CODEWITHSUNDEEP
javascriptjquerydomjquery-selectors
Dave
Dave

Reputation: 17

children().length is returning an unexpected value

Everything can be found here: http://jsfiddle.net/dweiliu/NBFMq/3/

This is the relevant code in question:

$('article.weeklyStandings').each(function(){
   var numPlayers = $(this).children('table tr').length;
   $(this).children('h2').append(" - " + numPlayers + " Players");
});

I have potentially multiple tables of data with results as displayed in the jsfiddle. I want to point out the number of players who played on any given week by looking up the number of rows in the table.
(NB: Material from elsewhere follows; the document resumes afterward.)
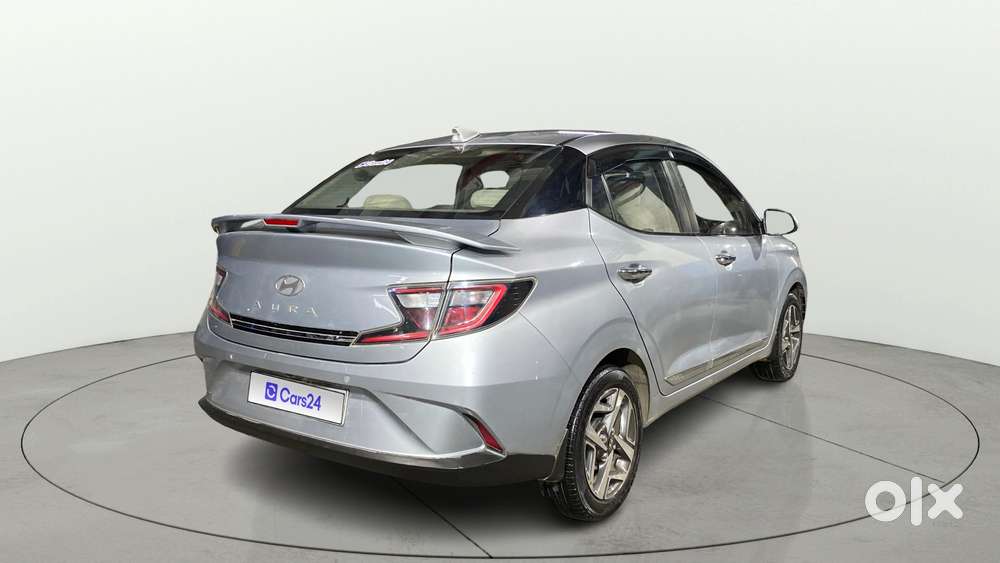 Hyundai Aura Sx (o) Manual, 2023, Petrol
Why is $(this).children('table tr').length; returning 0 on jsfiddle? Note that on my local machine, this same code is returning 3.

Upvotes: 1

Views: 553

Answers (7)

Smern
Smern

Reputation: 19066

The problem you are having is:

  1. children() will only look at direct children. You'll want to use find() which will find all the table tr within each article.
  2. If you count all of the tr's you will have end up with an extra because your heading will also be counted as a player. For this reason you can subtract 1 from the length of tr's.

Solution

Here is an example implementing the above solutions: Demo

var numPlayers = $(this).find('table tr').length -1;

Alternative (the one I would use)

As you have a record class on your player tr's, you could use .record in your selector instead, this will provide better readability and flexibility if you wish to add other rows in the future that should not be counted as a player: Demo

var numPlayers = $(this).find('.record').length;

Another Alternative

You could also use context selectors like $('.record', this) instead of $(this).find('.record'), but in my opinion it's easier to read find() chaining. Also, as context selectors internally have to use find() anyway, using find() directly will perform slightly better: Performance test

Upvotes: 2

j08691
j08691

Reputation: 207901

Change 

var numPlayers = $(this).children('table tr').length;

to

var numPlayers = $(this).find('table tr').length-1;

jsFiddle example

.children() method differs from .find() in that .children() only travels a single level down the DOM tree while .find() can traverse down multiple levels to select descendant elements (grandchildren, etc.) as well

Upvotes: 1

Anton
Anton

Reputation: 32581

Change

var numPlayers = $(this).children('table tr').length;

to 

var numPlayers = $('.record', this).length;

DEMO

Upvotes: 1

Anthony Grist
Anthony Grist

Reputation: 38345

The .children() function only looks at immediate descendants, so those that are one level down in the DOM. What you're saying is "look for a <tr> that's inside a <table> and is also the direct descendant of the <article class="weeklyStandings"> element"; that won't ever be the case because the <table> is between those two.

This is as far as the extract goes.